A pesar de su éxito inicial, los gobiernos de izquierda poco a poco fueron perdiendo apoyo popular, y en lugar de intentar ganar el centro del espectro político, optaron por radicalizarse. Sufriendo bajo la presión de malas políticas públicas y sin gozar del apoyo popular de antes, prefirieron cambiar las reglas del juego para facilitar la realización de sus agendas revolucionarias en lugar de buscar más apoyo popular. Al acercarse al poder absoluto, crearon condiciones para que hubiese cada vez menos fiscalización, más opresión y corrupción. Los pueblos, cansados de las continuas historias de corrupción que circulan, y en el caso de Venezuela, políticas ineptas, deciden votar en contra del oficialismo, en lugar de votar en favor de la oposición. 

El enriquecimiento de Hugo Chávez y sus cercanos, las actividades ilícitas de la familia de Nicolás Maduro, la lucrativa presidencia de Cristina Fernández, demuestran un distanciamiento entre los políticos y los valores que los llevaron al poder. El Presidente Boliviano Evo Morales —tal vez el líder izquierdista más racional de esta generación— reconoció después de las derrotadas que sufrió su partido en las elecciones seccionales de marzo de 2015 que la corrupción fue el factor principal para energizar a la oposición. 

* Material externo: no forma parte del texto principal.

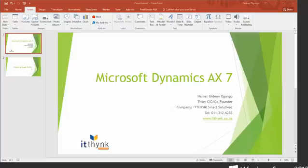Okay, hi everybody. My name is Gideon Ogongo. I am the CIO and co-founder of ITThink Smart Solutions. We're an IT consulting company based off of Midrand area in Johannesburg, South Africa.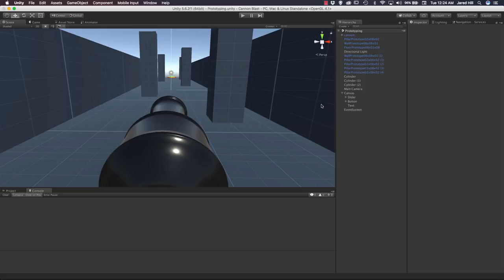Hello Coders, this is Jared with Renaissance Coders and in this video we are continuing with our Cannon Blast Complete Game Series in Unity 3D. For this video we are going to be implementing the scoring into our game, and if we have enough time after implementing that, we are going to create a follow camera for our cannonball. So let's get started.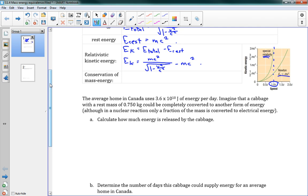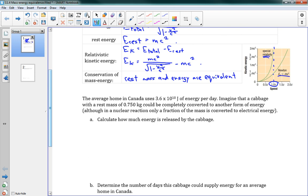Conservation of mass-energy: you might have heard of this in grade 11. It's the idea that energy isn't conserved alone — mass-energy is conserved, where mass and energy are basically the same thing. We can convert between mass and energy. The key statement is that rest mass and energy are equivalent. When something is at rest, if you say it has mass, you can say it has energy — they're basically the same thing.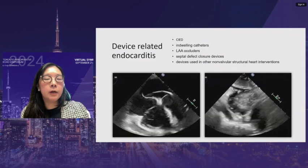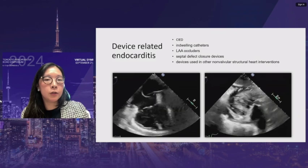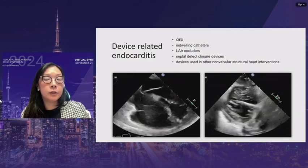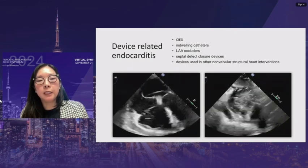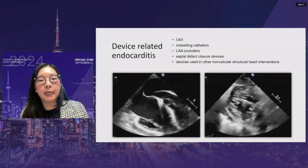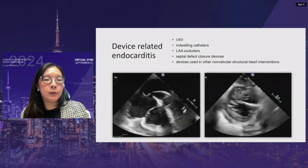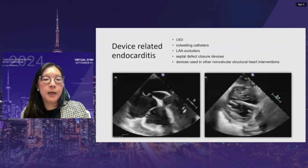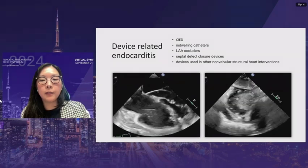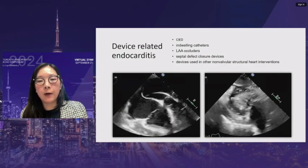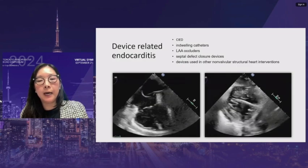Device-related endocarditis includes indwelling catheters, left atrial appendage occluders, septal closure devices, and other structures. When imaging leads, the entire lead must be visualized throughout its path to ensure it is clean. An example shows a pacemaker lead that crossed the interatrial septum into the LV — demonstrating how clean a normal lead appears. Transgastric views are very helpful for looking at the ventricular side of leads.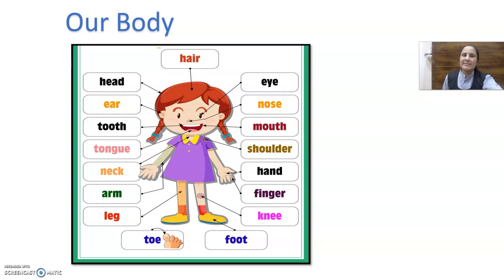In this picture you can see the different parts of our body. Sabhi ko picture dikhahi deri hai. We can see so many organs of our body that help us to do many activities in our daily life. Aap ko picture mein body parts dikhahi deri hai, aur in body parts ki help se hum behot saray kaam karte hai.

Para esta generación de gobiernos de izquierda el poder absoluto representa antídoto y veneno. Después de varios años de gobernar, creyeron necesario concentrar el poder para cumplir con sus agencias revolucionarias. Por otro lado, esa misma concentración creó las condiciones para la corrupción masiva que finalmente dio a luz a su derrota. Para la generación de líderes que siguieron la elección de Hugo Chávez en 1999, ganar una elección ha sido suficiente para tener legitimidad democrática, y la separación de poderes, independencia judicial, han sido menospreciado. Aunque esa actitud les ayudó realizar sus objetivos de corto plazo, en el largo plazo fue la semilla de su destrucción. Destaparon una caja de pandora de la que brotó todo tipo de corrupción.

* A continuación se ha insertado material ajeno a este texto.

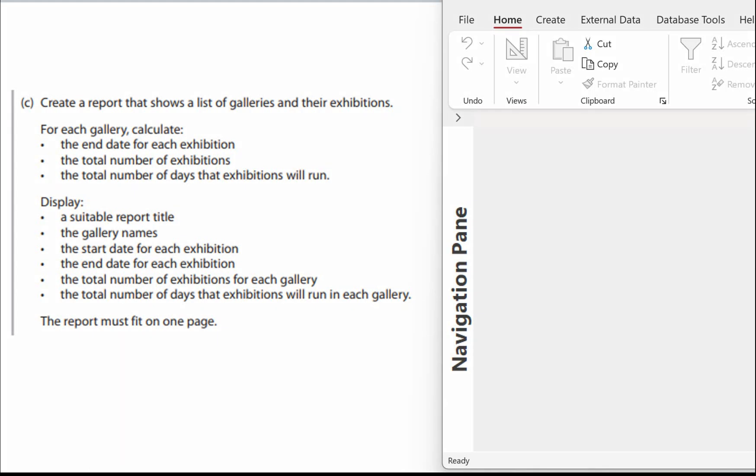In this video we're going to have a look at creating the report for SmartArt database. Let's have a look at what we've got to do.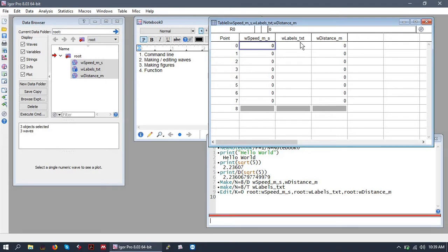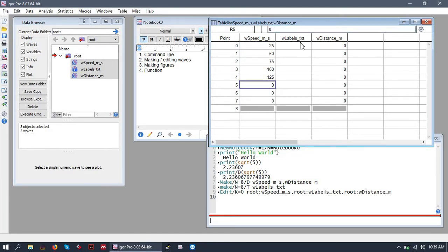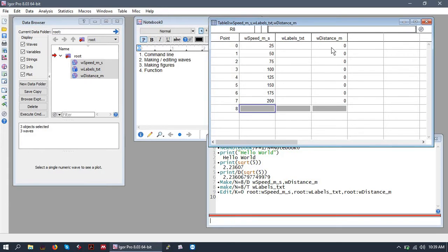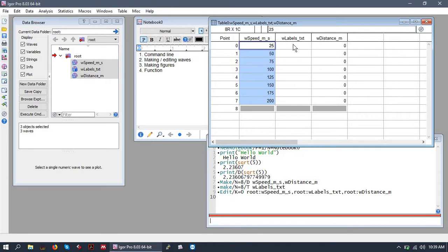To edit them simply put some numbers in. So I've put some numbers in the speed wave and let's put some text labels in our text wave.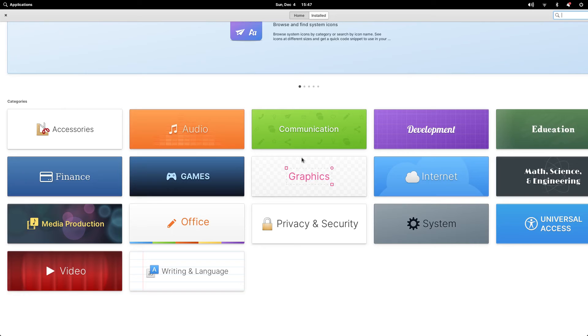If you now open the app center and search for the application installed, in this case LibreOffice, you will see that it appears as a non-curated app.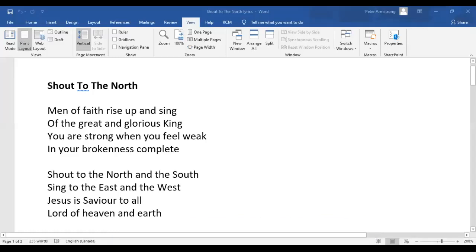Shout to the North and the South. Sing to the East and the West. Jesus is Savior to all, Lord of heaven and earth.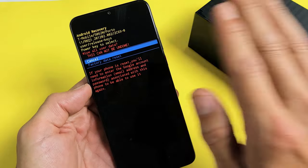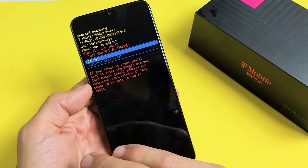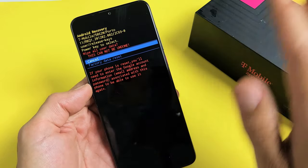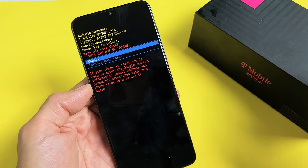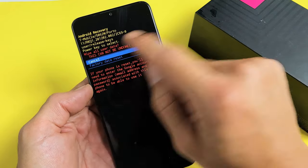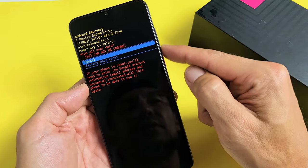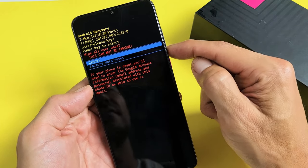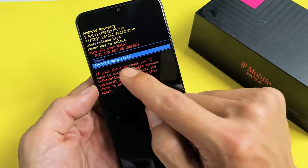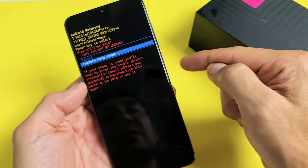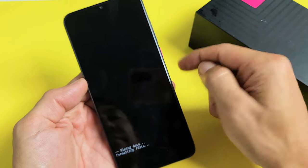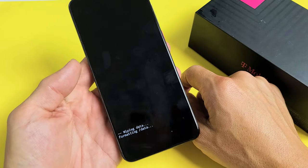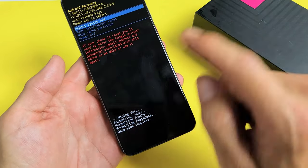So remember, you're going to be losing all of your personal information, videos, photos—the whole shebang is going to be gone. If you want to proceed, volume down, go to factory data reset. Let's tap on the power button and I'm going to factory reset this phone.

No deberíamos esperar un exilio largo para las voces progresistas de América Latina. Como dijo la revista británica The Economist en su edición del 5 de Diciembre 2015, “mientras el sector privado en América Latina habla de los virtudes de mercados libres, es muy común que cae en los vicios de monopolios y carteles.” —decía la publicación conservadora— “Muchas veces los pecados corporativos incluyen amiguismo y oportunismo en que la ganancia viene de conexiones políticas en lugar de excelencia competitiva.” En otras palabras: para mantener la estabilidad del péndulo democrático se necesita el equilibrio creado por voces en favor de la mano invisible del mercado y las voces escépticas de sus promesas absolutas. 

Antes de que llegue una nueva generación de gobiernos de izquierda, es imperativo que la próxima generación de progresistas desarrolle una nueva relación con la democracia y sus instituciones. Sin un compromiso real con el fortalecimiento de la institucionalidad de la democracia, las voces progresistas de América Latina pagarán la cuenta de los pecados de sus antepasados, y dañarán los prospectos de crear un América Latina más justa para todos. Esta generación de gobiernos de izquierda logró redefinir el centro del espectro político, y lo movieron más hacia políticas de la izquierda como la redistribución de riqueza. Ahora toca que la izquierda se redefina si quiere retomar su agenda, en el corto o mediano plazo. 

Bajada

Los gobiernos progresistas de la región se han suicidado, ¿qué deben hacer para resucitar en unos años?